On ne peut ignorer toute la chance que nous avons d’habiter, de vivre dans un pays où l’on peut s’exprimer librement, organiser des rencontres ou échanger des idées sans crainte … Tous ceux qui ont voyagé ou exercé un moment une activité dans une contrée contrôlée, surveillée par des services étatiques pointilleux et parfois féroces, apprécient peut-être encore davantage ce droit !

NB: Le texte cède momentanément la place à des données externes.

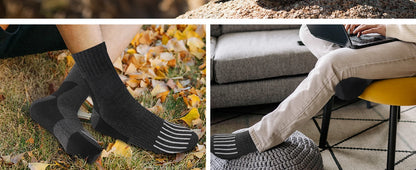 5 Pairs Merino Wool Hiking Socks for Men | Soft, Warm, Moisture-Wicking Winter Crew Socks for Indoor & Outdoor Wear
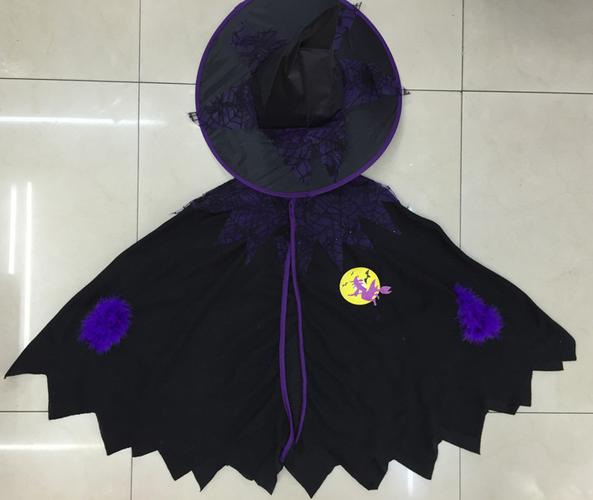 万圣节儿童斗篷巫婆套组装备派对服装披风万圣节儿童装睡包带帽子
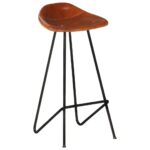 Tabourets de bar lot de 4 marron cuir véritable – Image 2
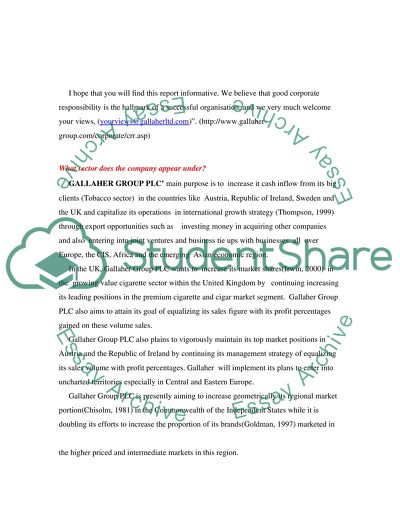 The Gallaher Group PLC -Corporate Responsibility Reporting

Il ne faut en effet pas se tromper et confondre démocratie et dictature ! Ou accuser de dictature une démocratie qui applique des règles absolument nécessaires. Toute vie collective impose une organisation et, pour fonctionner efficacement, une démocratie a des exigences et doit rechercher des modalités communes car, on le sait, la liberté des uns ne doit pas dégrader celle des autres. Il est donc important de bien distinguer les valeurs individuelles que chacun peut ou devrait pouvoir vivre sans crainte et les valeurs collectives que l’on peut aussi imposer à tous avec certaines modalités !

Un régime politique qui, tout en ayant certains attributs de la démocratie, comme le pluripartisme, n’en est pas moins dirigé d’une façon autoritaire, voire dictatoriale, peut ainsi être accusé de « démocrature ». Les pays qui, sous couvert d’institutions présentant des aspects formels de démocratie, sont en réalité gouvernés par un seul ou un petit nombre, dans des conditions non démocratiques, sont donc des démocratures : par exemple la Russie, l’Algérie et l’Égypte mais aussi plusieurs pays d’Afrique souffrant de pratiques dictatoriales de la part de dirigeants pourtant élus apparemment démocratiquement…

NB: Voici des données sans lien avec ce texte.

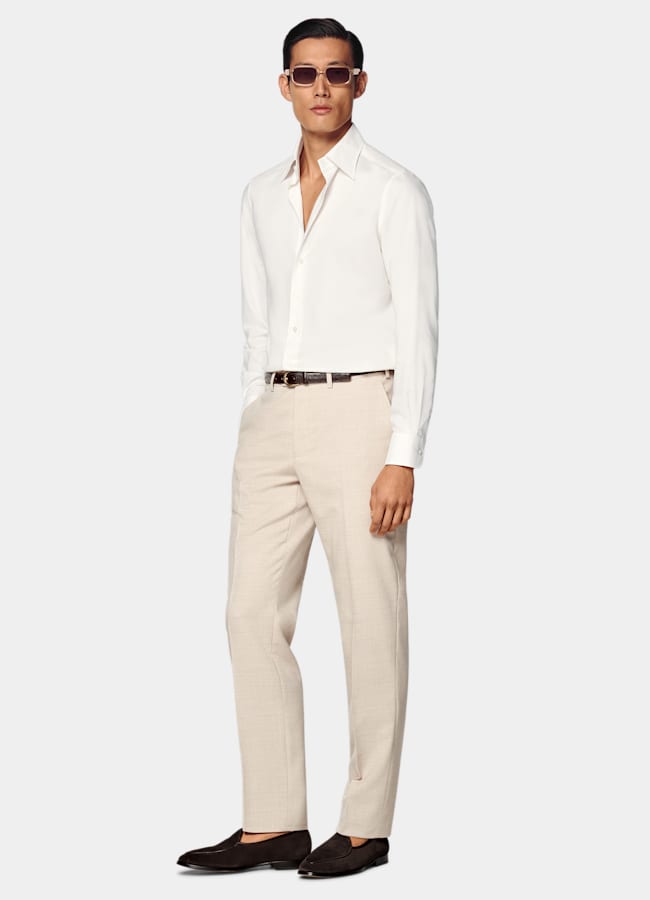 SUITSUPPLY Lyocell by Testa 1919 Srl, Italy Off-White Lyocell Shirt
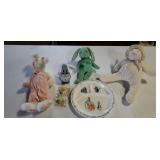 Peter Rabbit Ornament & Plate, Stuffed Bunnies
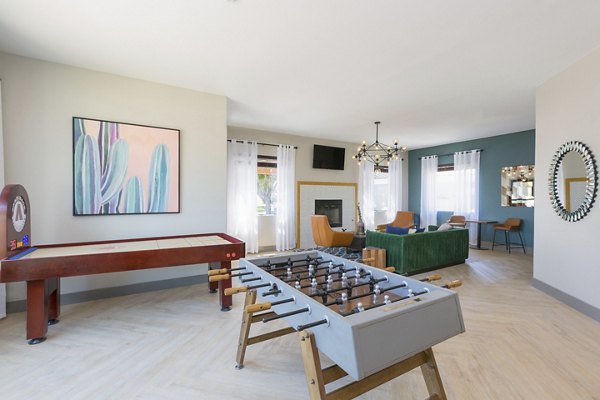 Modern clubhouse with stylish seating and open space at Morada West Apartments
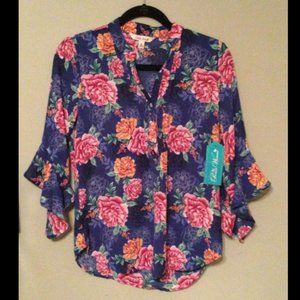 Pioneer Woman L/S Pleated Ruffle Sleeve floral blouse sz XS 0-2 *NEW*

Nos démocraties européennes elles-mêmes respectent-elles bien les objectifs qu’elles se sont fixés ? Elles pourraient certainement facilement les améliorer mais en ont-elles vraiment le désir ? Les constitutions, les lois discutées semblent le manifester mais le blablabla envahit souvent les échanges et dissimule parfois l’essentiel. Car les régimes des pays occidentaux, sous une apparence populaire mais une réalité libérale, n’imposent-elles pas un système économique plus dictatorial que démocratique ? Les pauvres, les exclus, les chômeurs peuvent-ils approuver le système effréné de la concurrence, de Goliath contre David ? La dictature de la finance nous offre-t-elle un véritable choix et permet-elle au moins le respect des plus fragiles, des plus faibles ? Ne nous impose-t-elle pas son modèle comme le moins mauvais parce que seulement efficace ?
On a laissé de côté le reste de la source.